REPUBLIKA.CO.ID, JAKARTA - Lembaga swadaya masyarakat Yayasan Tifa menyerukan pembukaan laporan pajak korporasi tambang guna meningkatkan transparansi kepada masyarakat. Dimana masyarakat, menurut mereka, yang merasakan langsung dampak dari aktivitas pertambangan.
"Organisasi masyarakat sipil Indonesia menyerukan pembukaan laporan pajak korporasi tambang untuk membuka akses publik melalui audit sosial oleh masyarakat terutama di daerah dan kawasan terdampak," kata Manajer Program Yayasan Tifa Mickael Bobby Hoelman, Sabtu (27/9).
Menurut dia, hal itu selaras pula dengan rencana program 100 hari pemerintahan Joko Widodo-Jusuf Kalla. Lebih tepatnya untuk untuk melindungi masyarakat adat sekaligus mengoptimalkan penerimaan negara bukan pajak terutama terhadap penerimaan PNBP Non Migas.
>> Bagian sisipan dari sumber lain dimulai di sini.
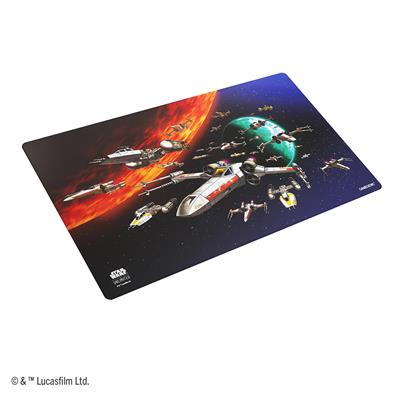 Star Wars Unlimited Playmats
Hal itu, lanjutnya, juga dinilai penting guna mengurangi kebocoran penerimaan negara dan mengatur sektor-sektor baru yang sejauh ini belum tersentuh seperti perkebunan skala besar sawit dan pertambangan batubara.
Ia menegaskan bahwa sudah saatnya pembangunan berkeadilan dapat memastikan keberlanjutan. Sekaligus memperkuat pemihakan terutama kepada masyarakat adat dan warga yang selama ini terdampak namun tidak mendapatkan keuntungan apa-apa dari kekayaan alam Indonesia.
"Untuk itu, dibutuhkan reformasi tata kelola sumber daya alam yang lebih menguntungkan negara sekaligus masyarakat," pungkasnya.